WHAT TO PRODUCE
Repeat exactly the lines below from the line that contains "4 Hazelgrove Crescent, MILLBRIDGE" to the last line, inclusive, without the pictures.

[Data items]

[Start of section]

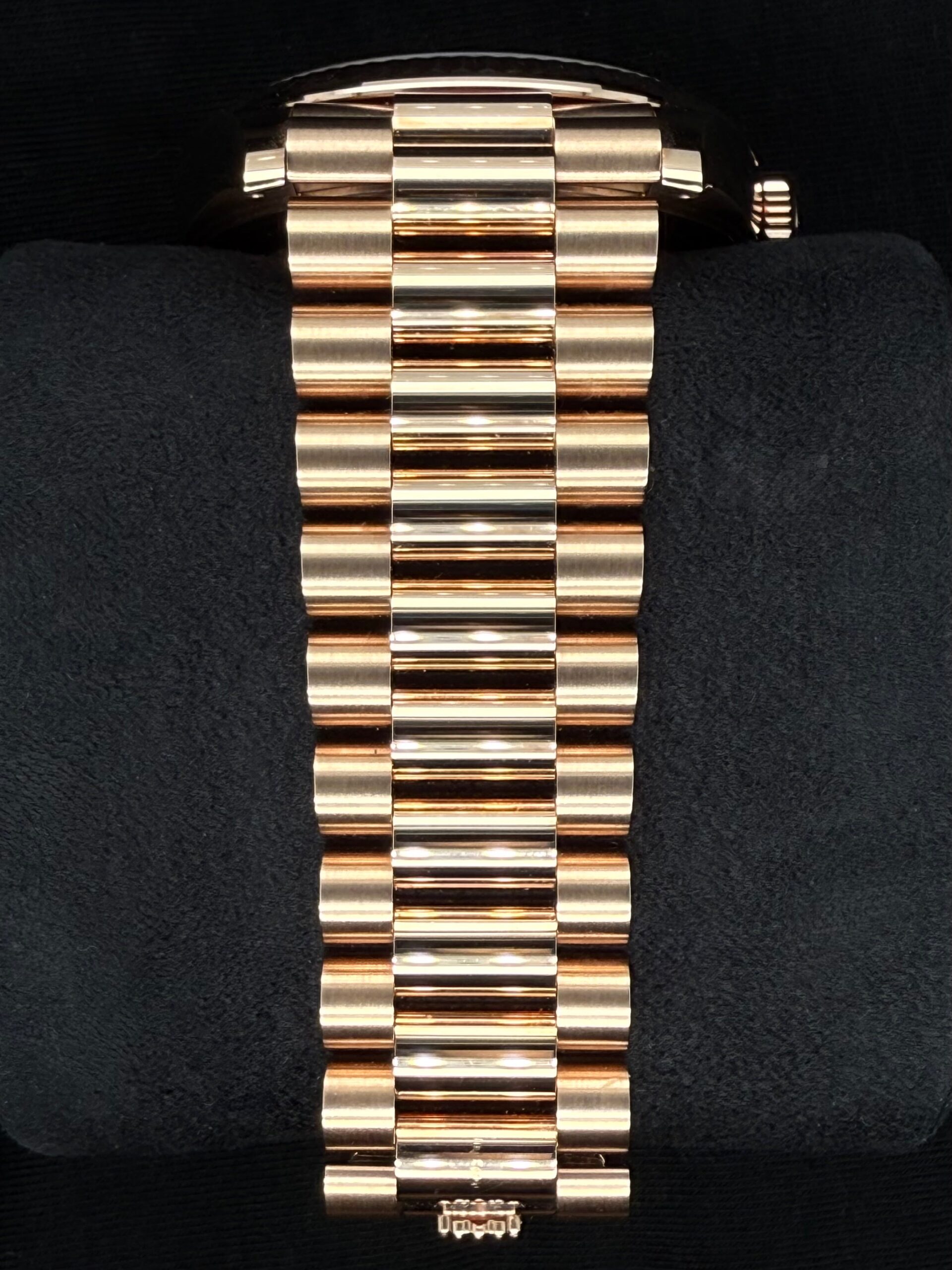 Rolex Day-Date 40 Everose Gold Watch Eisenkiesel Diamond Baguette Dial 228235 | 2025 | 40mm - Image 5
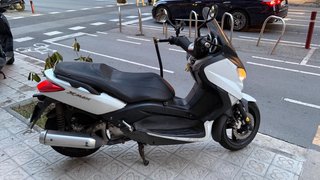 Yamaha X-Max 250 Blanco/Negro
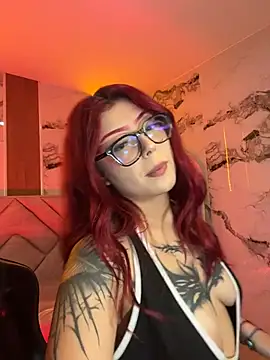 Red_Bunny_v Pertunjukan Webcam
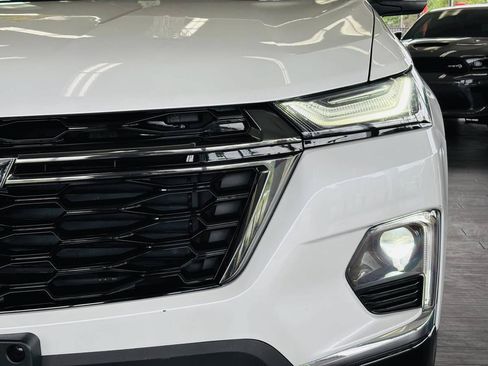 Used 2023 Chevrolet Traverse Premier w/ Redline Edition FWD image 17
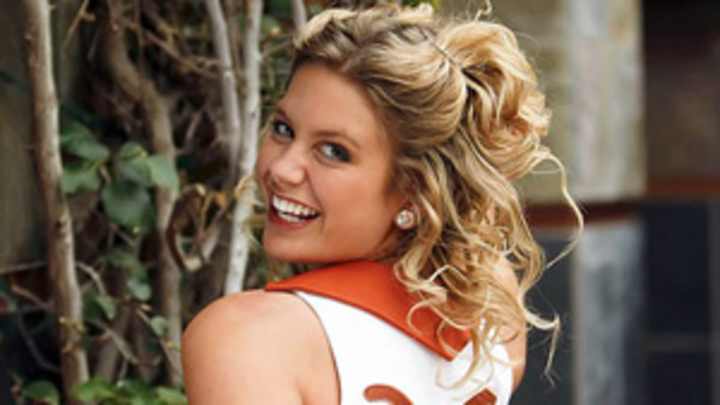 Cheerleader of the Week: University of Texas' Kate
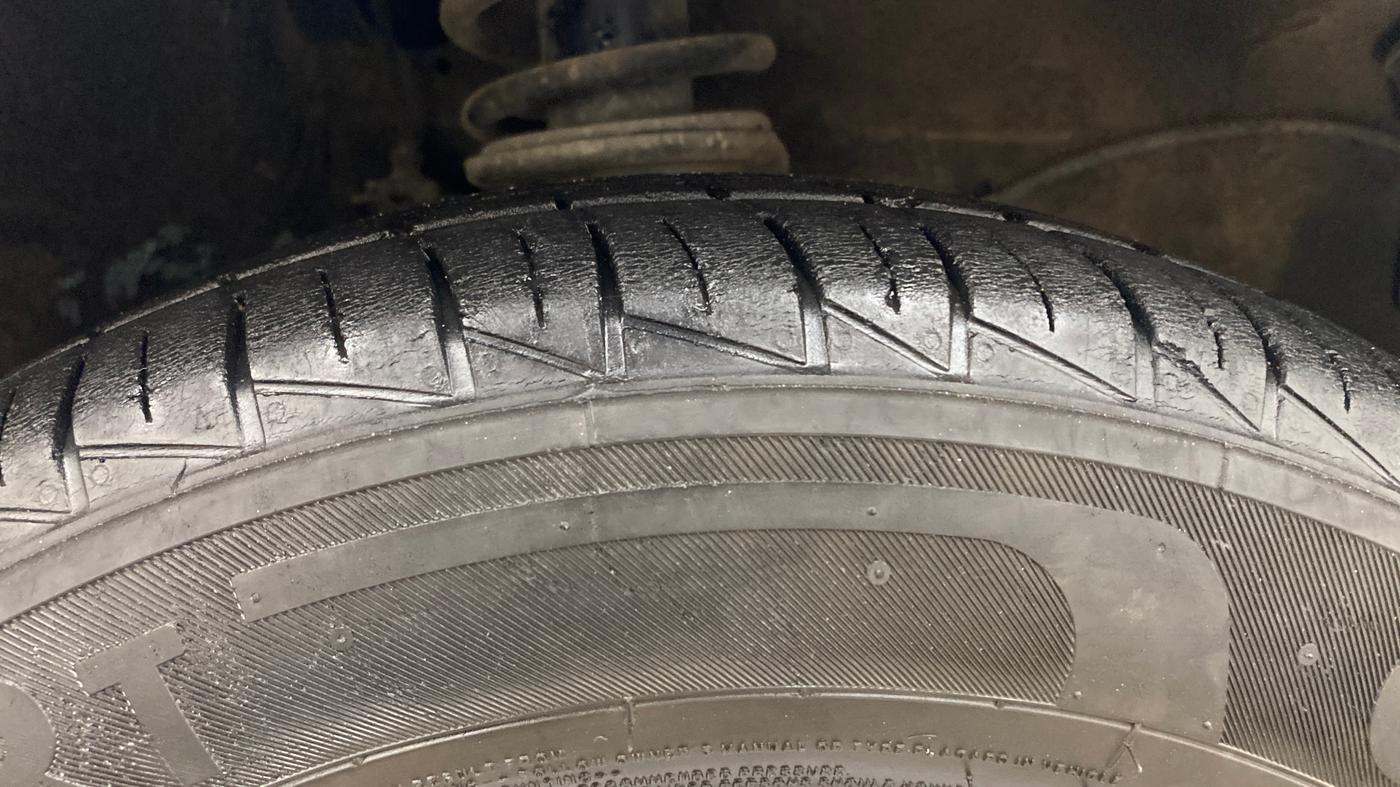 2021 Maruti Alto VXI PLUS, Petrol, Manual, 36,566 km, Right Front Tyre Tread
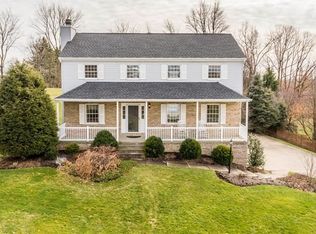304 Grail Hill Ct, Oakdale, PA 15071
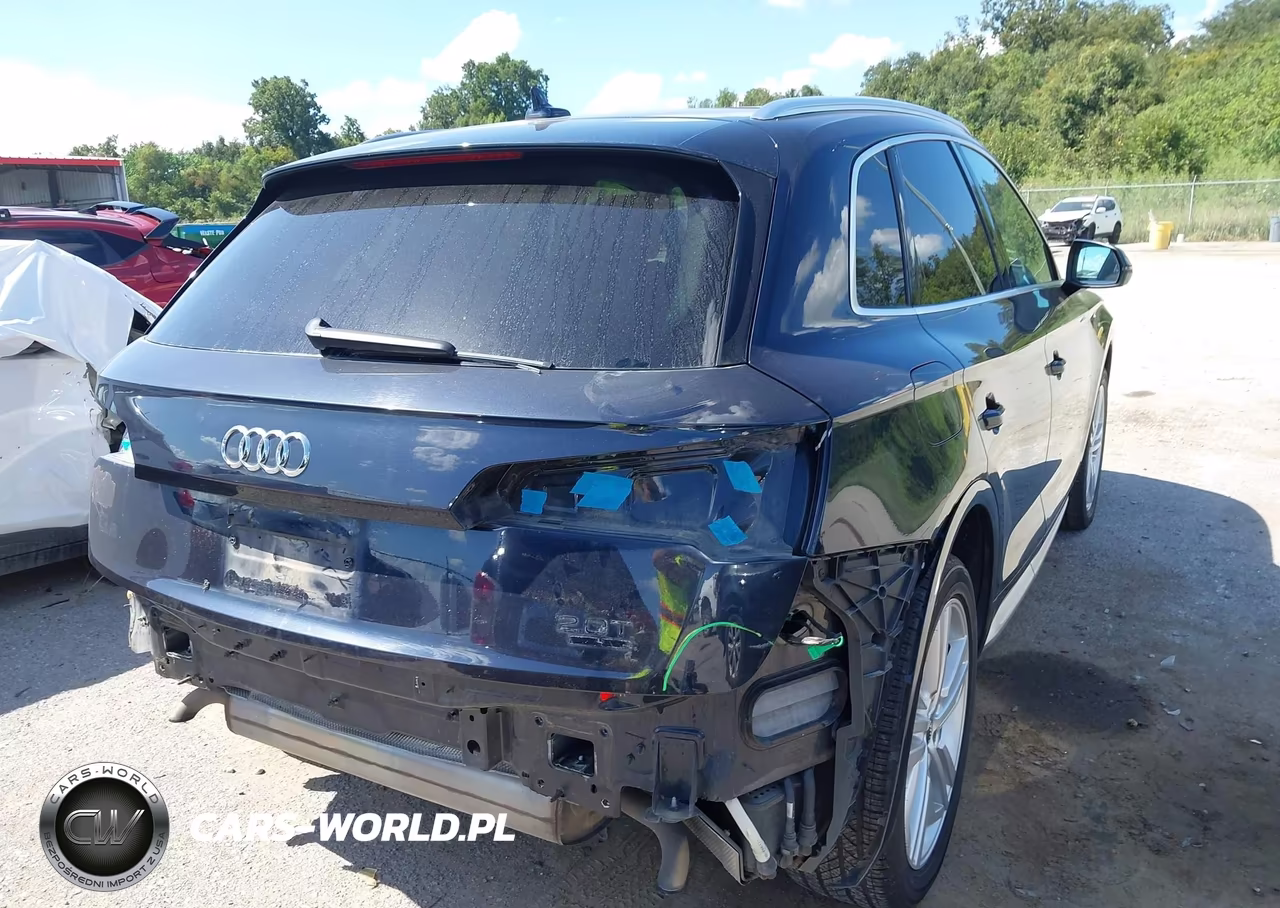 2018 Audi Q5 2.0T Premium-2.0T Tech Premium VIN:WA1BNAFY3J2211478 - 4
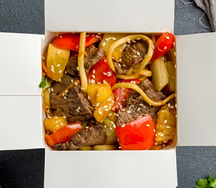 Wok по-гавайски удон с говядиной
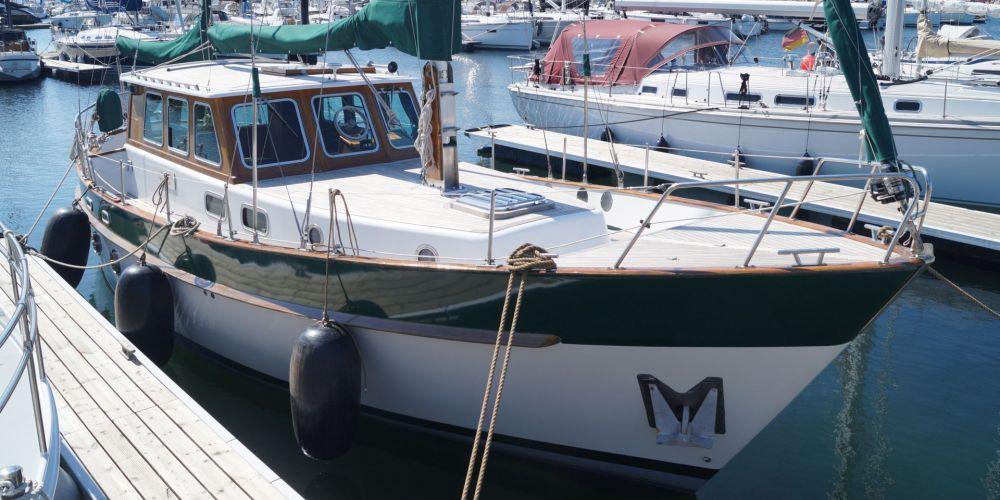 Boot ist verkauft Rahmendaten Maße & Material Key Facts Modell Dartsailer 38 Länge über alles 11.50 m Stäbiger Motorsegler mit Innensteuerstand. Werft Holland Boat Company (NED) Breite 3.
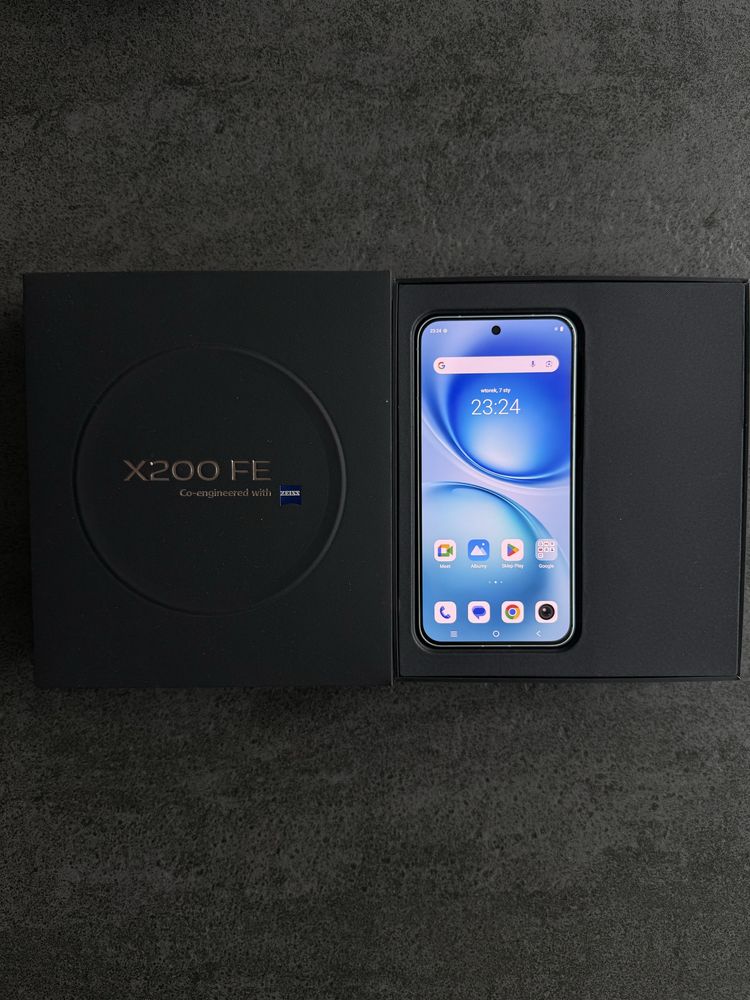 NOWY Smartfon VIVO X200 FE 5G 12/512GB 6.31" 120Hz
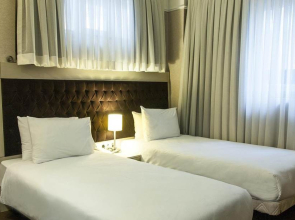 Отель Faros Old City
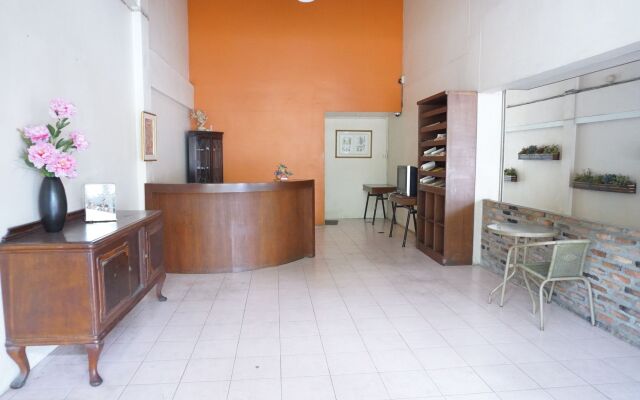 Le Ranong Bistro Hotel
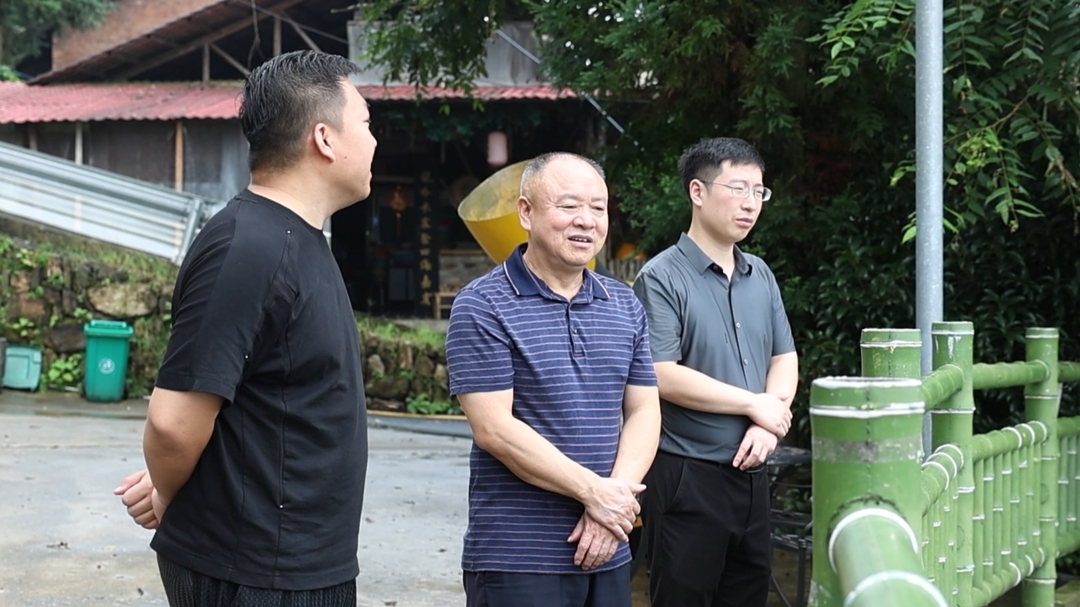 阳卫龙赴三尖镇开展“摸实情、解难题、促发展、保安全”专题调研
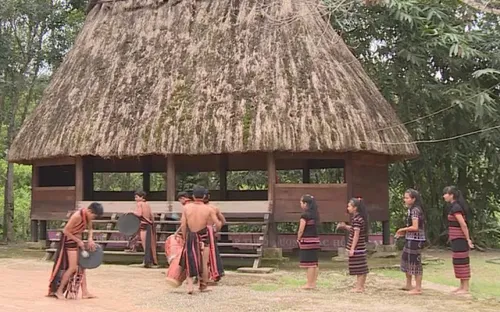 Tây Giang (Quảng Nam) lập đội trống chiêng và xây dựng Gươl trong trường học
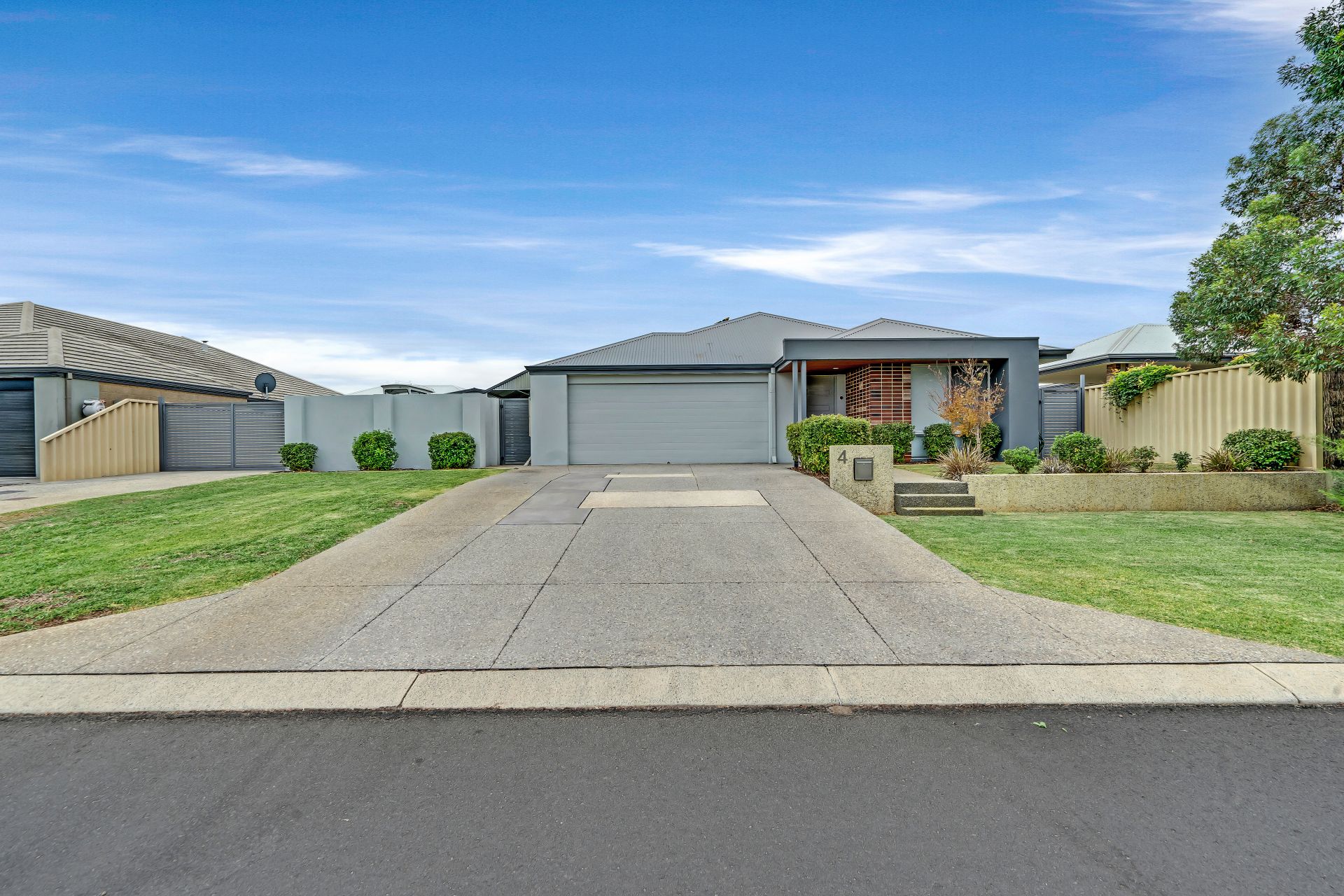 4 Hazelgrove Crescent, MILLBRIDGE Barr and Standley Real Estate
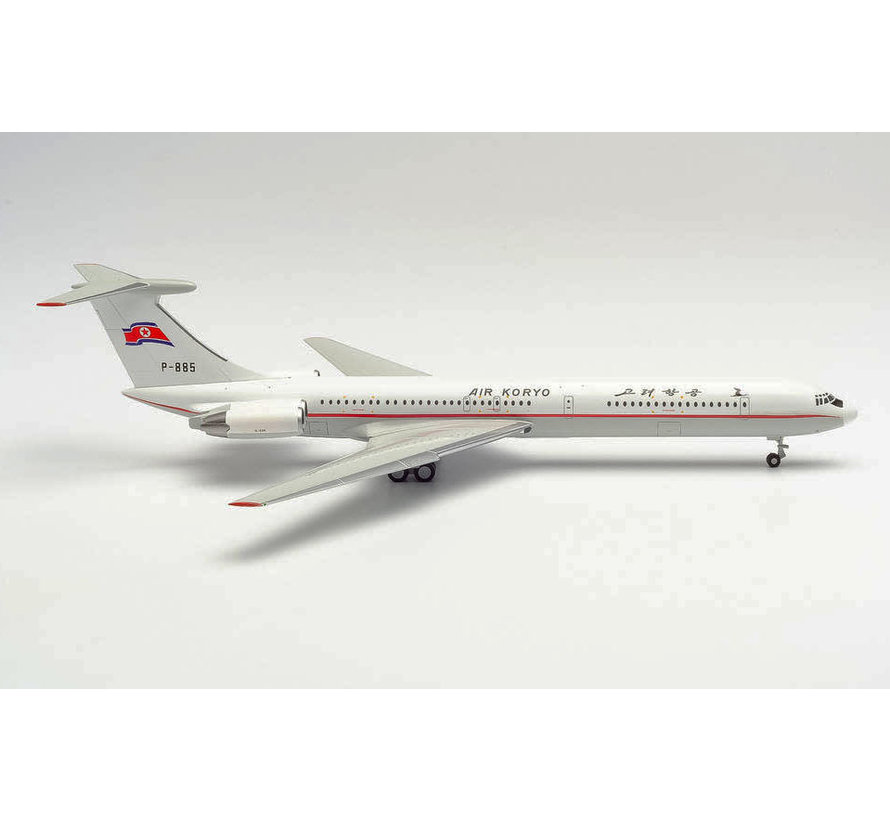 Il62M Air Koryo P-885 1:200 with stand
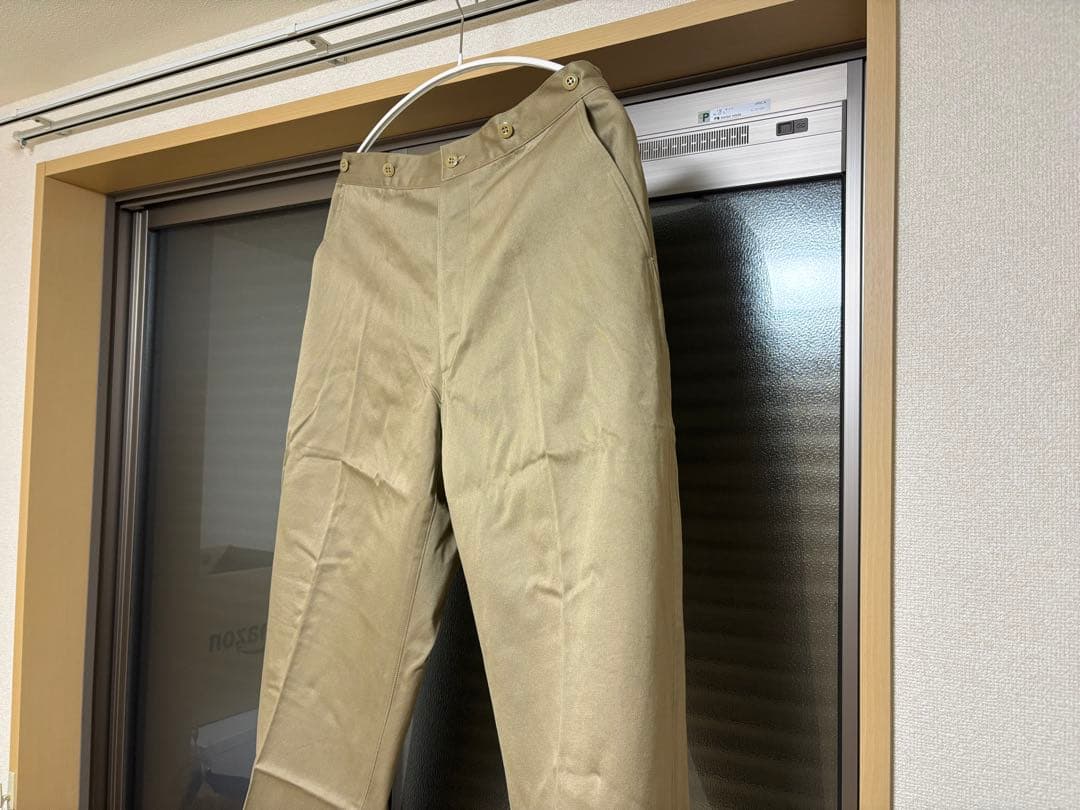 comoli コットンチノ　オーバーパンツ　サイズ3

[End of section]

RESPONSE
 4 Hazelgrove Crescent, MILLBRIDGE Barr and Standley Real Estate
 Il62M Air Koryo P-885 1:200 with stand
 comoli コットンチノ　オーバーパンツ　サイズ3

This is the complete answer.